Nous ne pouvions sortir qu'en barque ou par un haut pont en planches dressé par dessus les balustres du jardin. Le gaz et l'électricité avaient été coupés depuis le début. L'eau avait envahi notre escalier et n'était plus qu'à 50 centimètres au-dessus du parquet de notre chambre du premier étage. Des sortes de pirogues, montées par des marins de Cherbourg, croisaient dans le cour d'Honneur et sous les colonnades du Palais. Pour sortir et gagner le pont de fortune en planches, il fallait passer par les toits. On nous distribuait le pain et les vivres, ainsi que le courrier, par un service de bateaux. Bref, rien ne peut donner une idée des angoisses de ces heures, d'autant plus que la température était basse et que le chauffage était des plus précaires, les provisions de bois et de charbon ayant été noyées. Les inondations durèrent près de quinze jours, jusqu'à ce que les dernières nymphes de la Seine aient définitivement replongé dans les égouts. Une foule de parisiens avaient déserté, mais nous crûmes devoir rester à notre poste, plus pénible, en somme, que périlleux, pour ne pas paraître céder à la panique générale. Mais le souvenir de Paris transformé en petite Venise ne manque pas d'intérêt.
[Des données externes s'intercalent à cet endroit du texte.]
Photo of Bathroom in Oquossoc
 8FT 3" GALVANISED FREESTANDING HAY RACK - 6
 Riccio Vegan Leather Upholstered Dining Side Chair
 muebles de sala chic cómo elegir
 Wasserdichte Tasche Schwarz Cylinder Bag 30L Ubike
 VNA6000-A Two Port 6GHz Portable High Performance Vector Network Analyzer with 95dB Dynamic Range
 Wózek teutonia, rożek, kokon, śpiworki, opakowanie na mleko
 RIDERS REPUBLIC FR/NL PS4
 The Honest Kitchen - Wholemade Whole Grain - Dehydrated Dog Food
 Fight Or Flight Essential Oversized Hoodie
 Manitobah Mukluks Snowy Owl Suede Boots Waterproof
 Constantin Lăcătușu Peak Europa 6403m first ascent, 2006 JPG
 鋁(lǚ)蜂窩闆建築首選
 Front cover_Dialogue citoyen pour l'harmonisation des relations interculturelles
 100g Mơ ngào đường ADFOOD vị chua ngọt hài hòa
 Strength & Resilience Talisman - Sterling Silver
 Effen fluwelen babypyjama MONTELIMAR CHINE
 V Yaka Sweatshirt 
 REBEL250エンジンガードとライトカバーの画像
Après le retour à la vie normale, Maurice continuait à avoir d'excellentes notes aux examens de l’École des Sciences Politiques. Quant à Magdeleine, je la menai au splendide Bal de l'Association des anciens élèves de l'X, au Continental. Nous ne rentrâmes qu'à six heures du matin, après un cotillon des plus animés.

Au mois de juillet, l'état de santé de ma sœur Thérèse nous incita à nous réunir tous en vacances, dans un coin du Dauphiné. Le lieu choisi fut une belle et spacieuse propriété, avec un parc de trois hectares, situé à Chatte (Isère) aux environs de St. Marcellin. C'est près de là que se trouve St. Lattier, lieu de naissance de mon père, et la propriété de famille de l'Olivier, aliénée par nous au printemps 1891. La maison louée à Chatte appartenait à Mlle. Brun.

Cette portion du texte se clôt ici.